Hurley, lamely, I mean, I could get a faux hawk, gauges. Dana, head shaking. Feather earrings whistling back and forth like so long, see you later.
Spatula inches into the mass of scrambled eggs and fluffs, flips, fluffs again.
It’s not me, Hurley. It’s you.
Beyond the swinging doors of the kitchen, Hurley pictures the bevy of hungry diners. The emptiness in their bellies. The faint sticky syrup grazing their arm hair as hands grasp coffee cups like desperate, ceramic lovers. The hunger of it all. The need. And Hurley?
Table 17. Four orders of sunny side up eggs. The eggs, perfect in their white halos. This is your brain. He pokes an egg, the yolk spills drunkenly across the grill. This is your brain on Dana. “Order up. Table 3!” He cracks a replacement egg onto the grill.
There is something clean about the sunny-side up egg. There is promise in its face. Its unblinking, yellow eye.
Suzanne out on the floor. Emily garnishing, reaching for the plates. “Hurley, are you okay?”
Hurley looks up, meets Emily’s eyes, nods. Then, reaches for the phone in his pocket, pulls it out, hesitates. Clicks to black. Egg is flipped, bacon is prodded. “Emily?”
“Yeah?”
“Do you think I’m punk rock?”
Emily looks up, pushes her tongue against her front teeth, blinks her non-crusty eyes. “Definitely not.”

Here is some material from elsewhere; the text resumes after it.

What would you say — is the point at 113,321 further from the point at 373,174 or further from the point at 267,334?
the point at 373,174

Hurley frowns. Feels a sudden warmth, the grill, the steam of frying meat. Puts his phone back into his pocket. There are so many eggs.
The kitchen is empty. The heart is empty. Steam and grease envelop the space, the man in the space. Hurley, wearer of the Vans. Hurley, listener of the Blink 182, not the old stuff, the new stuff, the shame.
Emily in the kitchen again. Taking the ticket. Piercing the ticket on the spike. “Hurley?”
“Yeah?” The spatula is grasped. The eggs drying out, abandoned.
“I always thought you were metal.”
The mouth swallows. The apron, once white, now stained with the greased hand’s wiping. “Metal?”
Emily smiles. Hand tucks a strand of blond hair back behind the ear. Teeth white, but crooked. Pretty. “Yeah.”
Hurley, his mouth a line. The phone abuzz. The heart abuzz. “Okay.”
The head, the heart. See how they bang anew.